110 Having regard to the interrelationship between the definitive anti-dumping duty and the provisional anti-dumping duty provided for in Article 10(2) and (3) of the basic regulation, Article 2 of the contested regulation must also be annulled with respect to the applicants in Cases T 112/14 to T 116/14 in so far as it provides that the amounts secured by way of the provisional anti-dumping duties are to be definitively collected.

111 The contested regulation must therefore be annulled in so far as it concerns the applicants in Cases T 112/14 to T 116/14, without there being any need to examine the second and third pleas in law.

Costs

112 Under Article 134(1) and (3) of the Rules of Procedure of the General Court, the unsuccessful party is to be ordered to pay the costs if they have been applied for in the successful party's pleadings. Where each party succeeds on some and fails on other heads, the parties shall bear their own costs.
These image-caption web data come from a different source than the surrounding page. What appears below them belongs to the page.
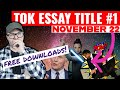 TOK Essay Title 1 Breakdown - Power & Credibility | Get an A in TOK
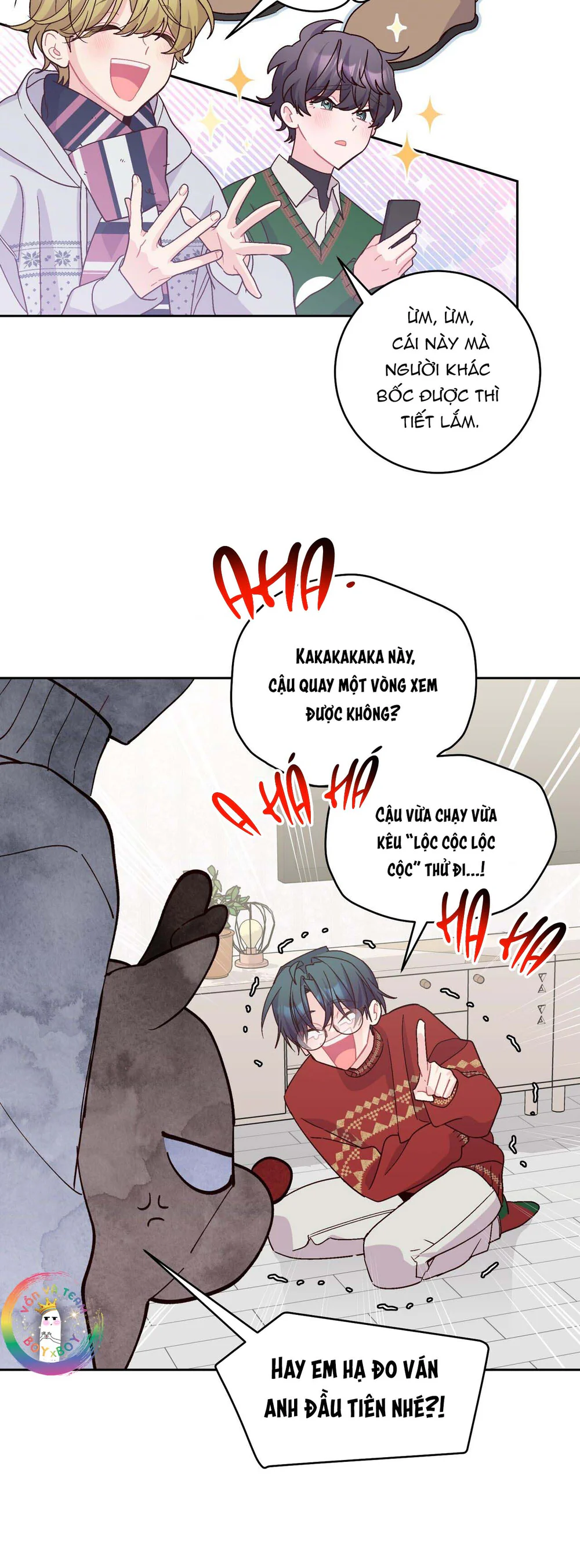 (END) Merry Marbling Chapter 131 Trang 16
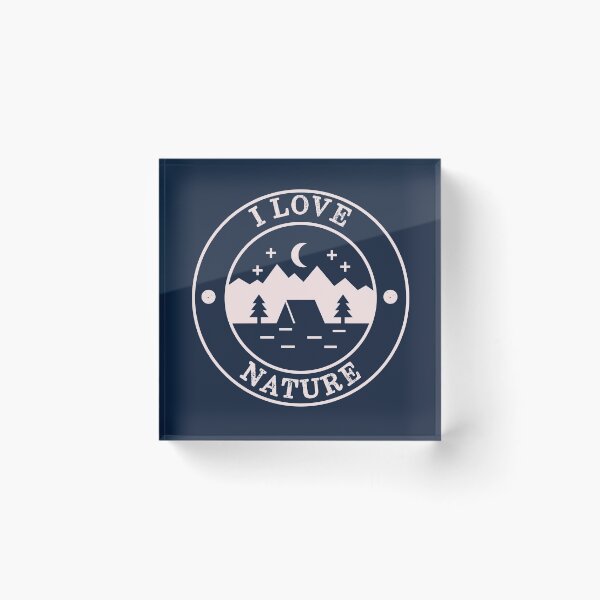 Item preview, i love nature minimal designed and sold by happinessinatee.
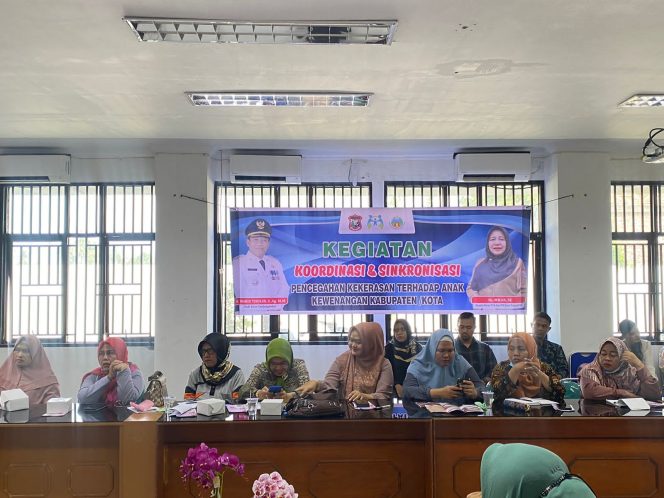 
					Minimalisir Kekerasan Terhadap Anak, Dinas P3A & PMK Tanjungbalai Lakukan Rapat Koordinasi Lintas Sektoral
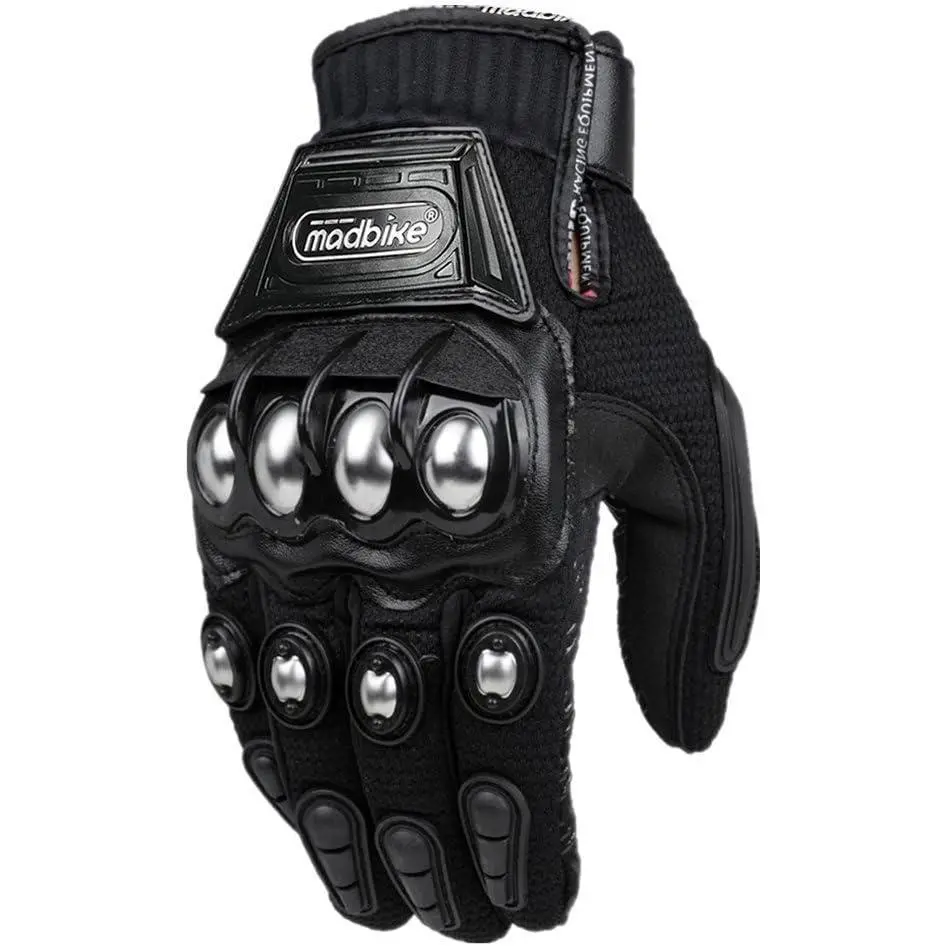 Alloy Steel Touchscreen   Motorbike Powersports Racing Glove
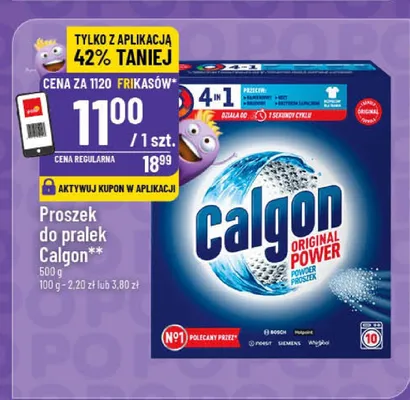 Proszek do prania color Ariel promocja w POLOmarket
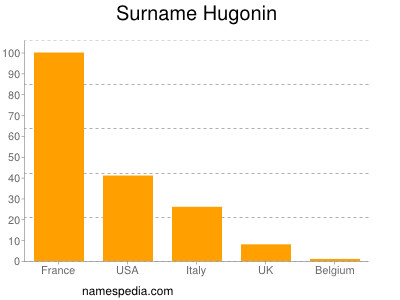 Surname Hugonin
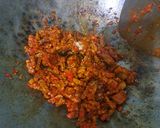 Foto langkah ke 5 dari resep Balado Tempe Ikan Asin.
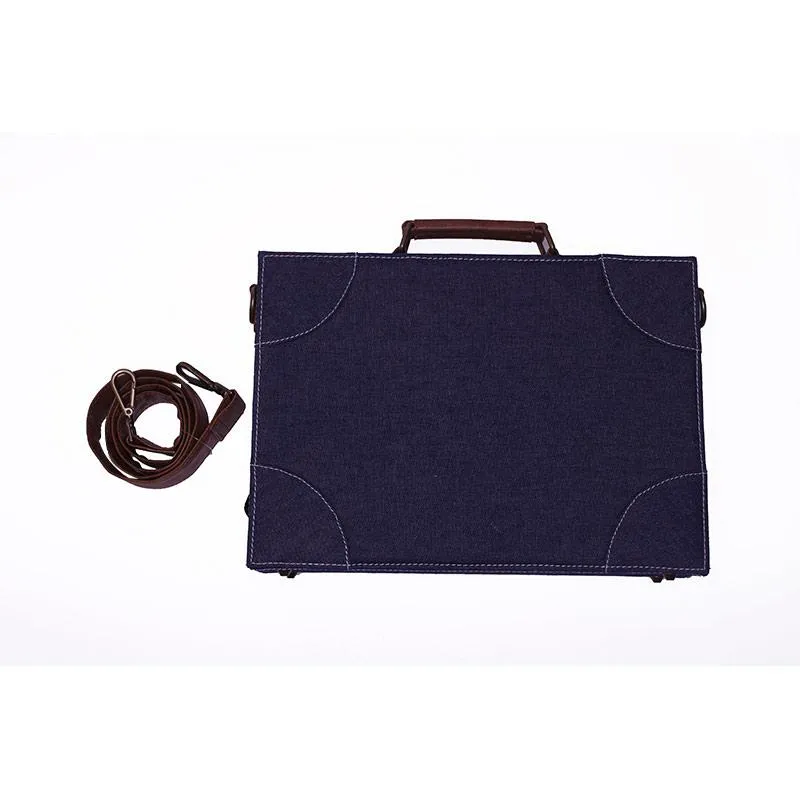 Denim Laptop Hard Case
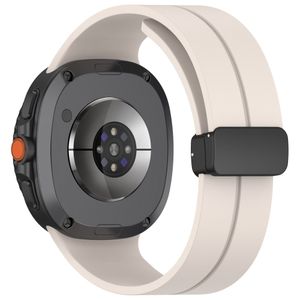 Samsung Galaxy Watch8 44mm Urrem, Silikone - Beige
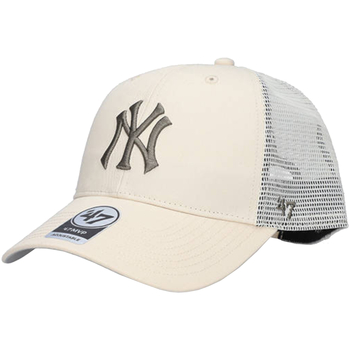 Textilní doplňky Muži Kšiltovky '47 Brand MLB New York Yankees Branson Cap Béžová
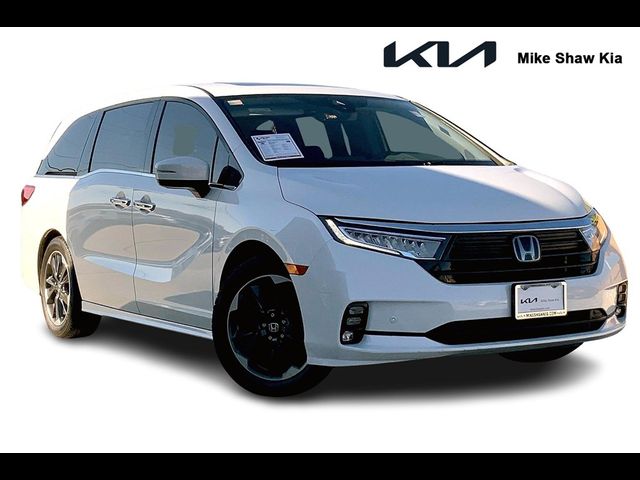 2022 Honda Odyssey Elite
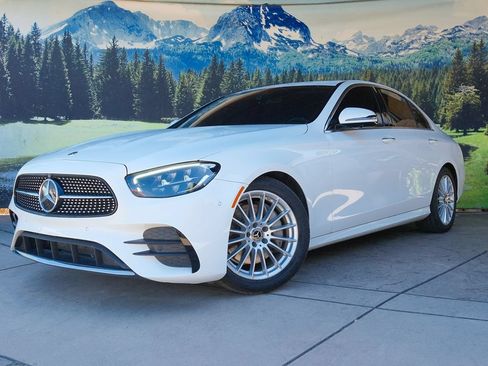 Used 2021 Mercedes-Benz E 350 Sedan image 1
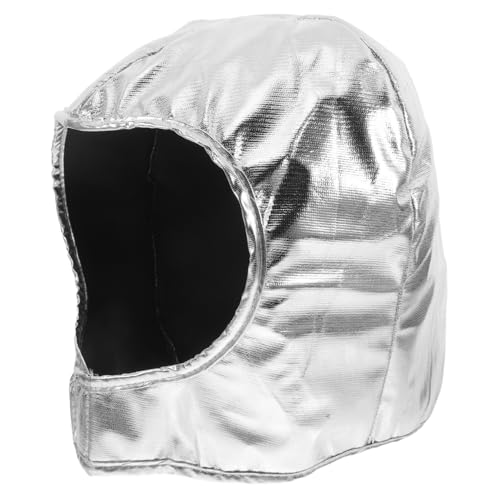 Garneck Astronautenhelm für Frauen und Männer Zubehör für Leicht und Atmungsaktiv für Halloween Cosplay und Weltraum Themenpartys Rollenspiel Requisiten Einteilig Garneck Astronautenhelm für Frauen und Männer Zubehör für Leicht und Atmungsaktiv für Halloween Cosplay und Weltraum Themenpartys Rollenspiel Requisiten Einteilig von Garneck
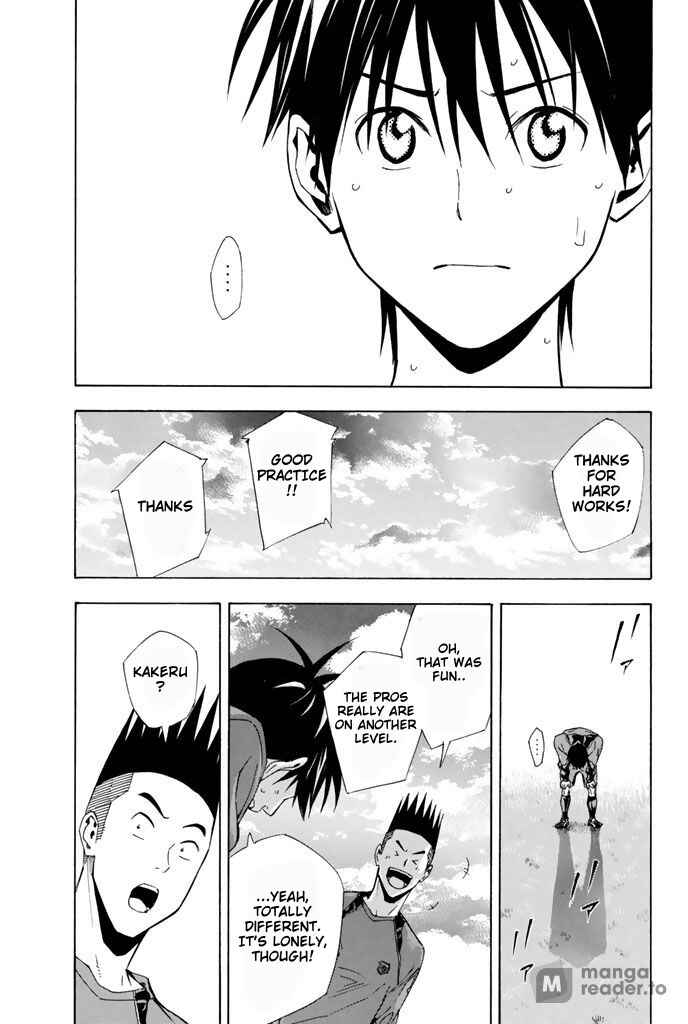 Area no Kishi Chapter 328 - Page 19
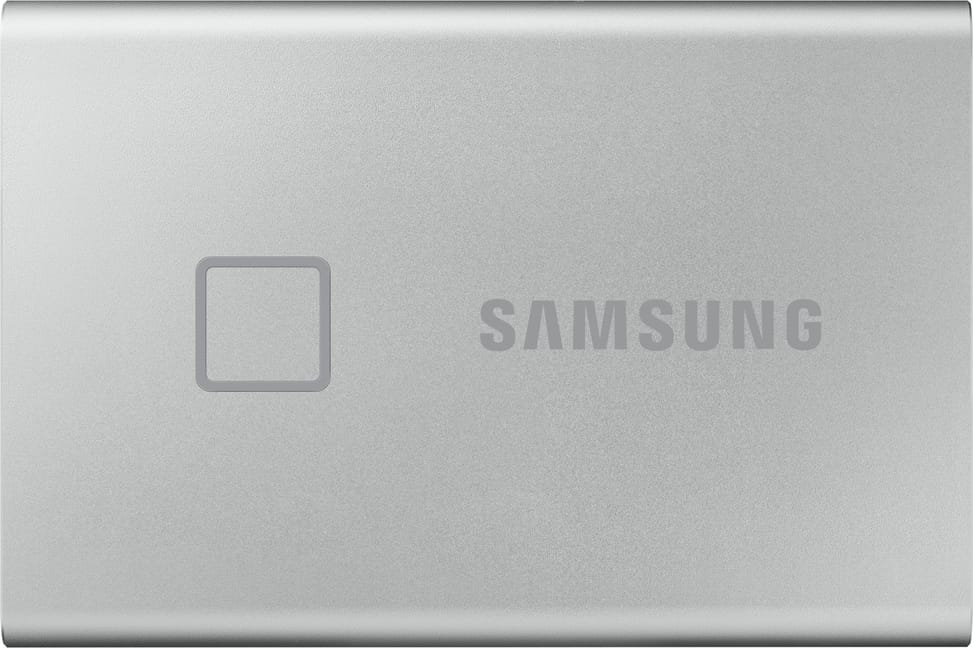 Disque dur SSD externe Samsung T7 Touch - 1TB - USB 3.2 Gen.2 (10Gbps) (MU-PC1T0S_WW)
However, if it appears justified in the circumstances of the case, the Court may order that one party, in addition to bearing his own costs, pay a proportion of the costs of the other party.

113 Since the Council has been unsuccessful in Cases T 112/14 to T 116/14, it must be ordered to bear its own costs and to pay those of the applicants in those cases in accordance with the form of order sought by the applicants.

114 In Case T 119/14, as the applicant and the Council have each been partially unsuccessful, they shall each bear their own costs.

115 The Commission and the EBB shall bear their own costs, in accordance with the provisions of Article 138(1) and (3) of the Rules of Procedure.

On those grounds,

THE GENERAL COURT (Ninth Chamber)

hereby:

1. Joins Cases T 112/14, T 113/14, T 114/14, T 115/14, T 116/14 and T 119/14 for the purposes of the decision closing the proceedings;

2. Annuls Articles 1 and 2 of Council Implementing Regulation (EU) No 1194/2013 of 19 November 2013 imposing a definitive anti-dumping duty and collecting definitively the provisional duty imposed on imports of biodiesel originating in Argentina and Indonesia, in so far as they concern Molinos Río de la Plata SA, Oleaginosa Moreno Hermanos SAFICI y A, Vicentin SAIC, Aceitera General Deheza SA and Bunge Argentina SA;

3. Dismisses the action in Case T 119/14 as to the remainder;

4. Orders the Council of the European Union to bear its own costs in Cases T 112/14 to T 116/14 and also to pay the costs incurred by Molinos Río de la Plata in Case T 112/14, by Oleaginosa Moreno Hermanos in Case T 113/14, by Vincentin in Case T 114/14, by Aceitera General Deheza in Case T 115/14 and by Bunge Argentina in Case T 116/14;

5. Orders Cámara Argentina de Biocombustibles (Carbio) and the Council to bear their own costs in Case T 119/14;

6. Orders the European Commission and the European Biodiesel Board (EBB) to bear their own costs.

Berardis - Czúcz Popescu

Delivered in open court in Luxembourg on 15 September 2016.